Few-shot Adaptation Works with UnpredicTable Data
This work addresses the challenge of scaling few-shot learning for NLP practitioners, but it is incremental as it builds on prior findings about task diversity without fully explaining the underlying mechanisms.
The authors tackled the problem of improving few-shot learning performance by automatically extracting 413,299 tasks from internet tables, which is orders of magnitude larger than existing datasets.
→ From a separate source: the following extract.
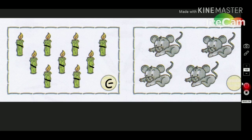હવે ઉંદર ગણીશું - 1, 2, 3 અને 4. કેટલા ઉંદર છે? 4. એટલે આપણે 4 લખીશું.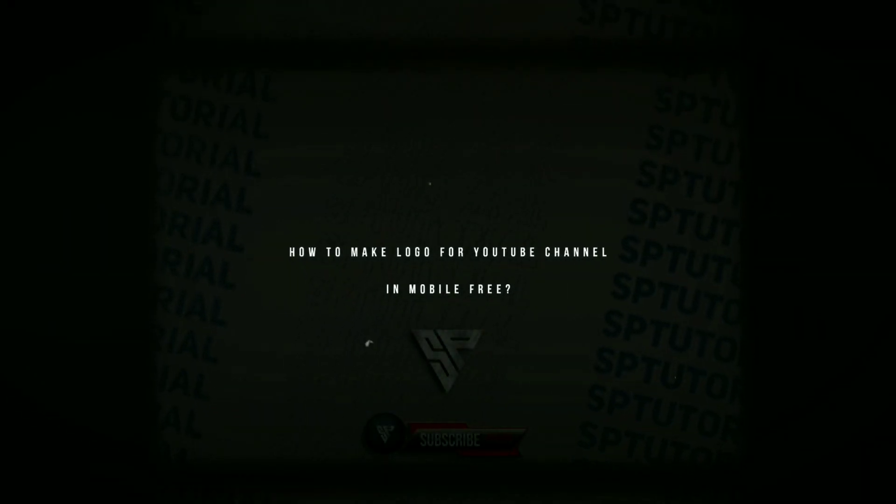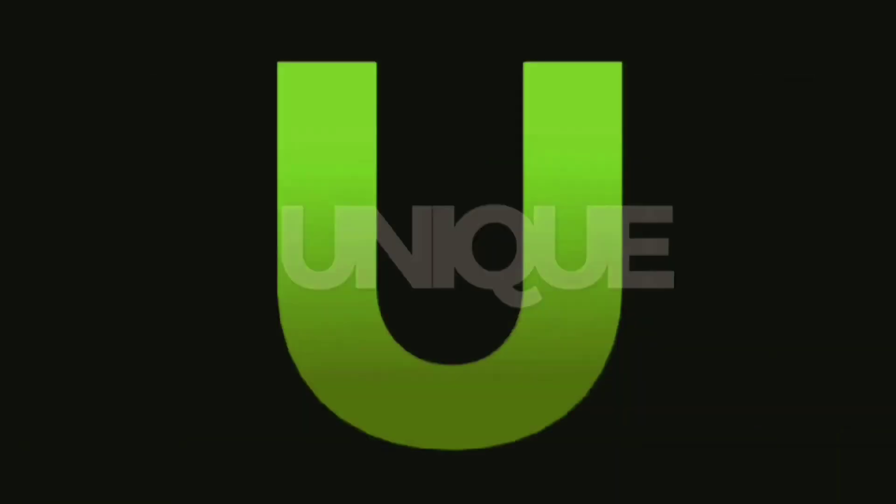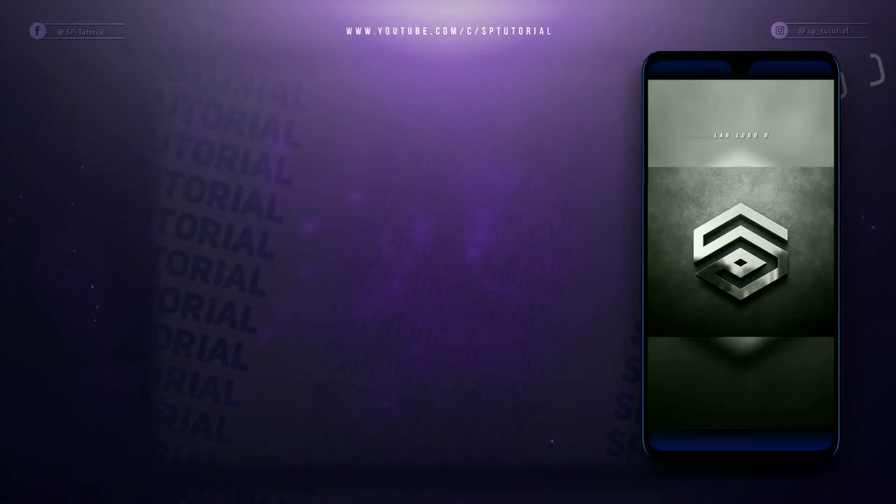Hi guys! In this video tutorial, we will use PixLab to design a 3D logo using a smartphone. Here are some new features in the background. Let's move into the brand.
Finetuning on this data led to improved performance on NLP tasks, with a narrow subset (software documentation) achieving a mean gain of +7.5% on 52 downstream tasks, beating human-curated datasets.
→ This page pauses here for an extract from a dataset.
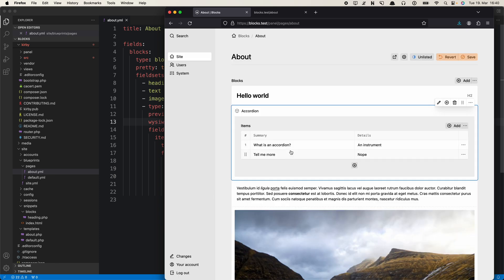It depends on what you prefer. For some custom block types it might be nicer to not show the fields inline, especially when they get longer. For others, showing the fields inline works great. You can also extend this with additional fields — maybe for custom class names or extra attributes. Custom blocks can be completely different types too, for example a contact form, a call-to-action button list, or product placement inside rich text.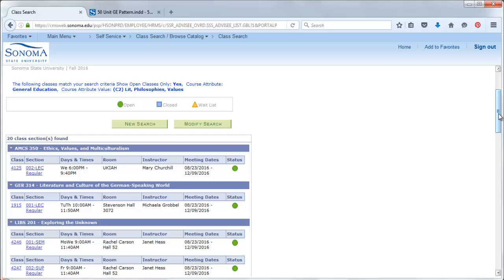That's it! Hopefully, this video was helpful in showing you how you can search for GE classes in specific categories quickly and easily.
Prior work on language models (LMs) shows that training on a large number of diverse tasks improves few-shot learning (FSL) performance on new tasks. We take this to the extreme, automatically extracting 413,299 tasks from internet tables - orders of magnitude more than the next-largest public datasets. Finetuning on the resulting dataset leads to improved FSL performance on Natural Language Processing (NLP) tasks, but not proportionally to dataset scale. In fact, we find that narrow subsets of our dataset sometimes outperform more diverse datasets. For example, finetuning on software documentation from support.google.com raises FSL performance by a mean of +7.5% on 52 downstream tasks, which beats training on 40 human-curated NLP datasets (+6.7%). Finetuning on various narrow datasets leads to similar broad improvements across test tasks, suggesting that the gains are not from domain adaptation but adapting to FSL in general. We do not observe clear patterns between the datasets that lead to FSL gains, leaving open questions about why certain data helps with FSL.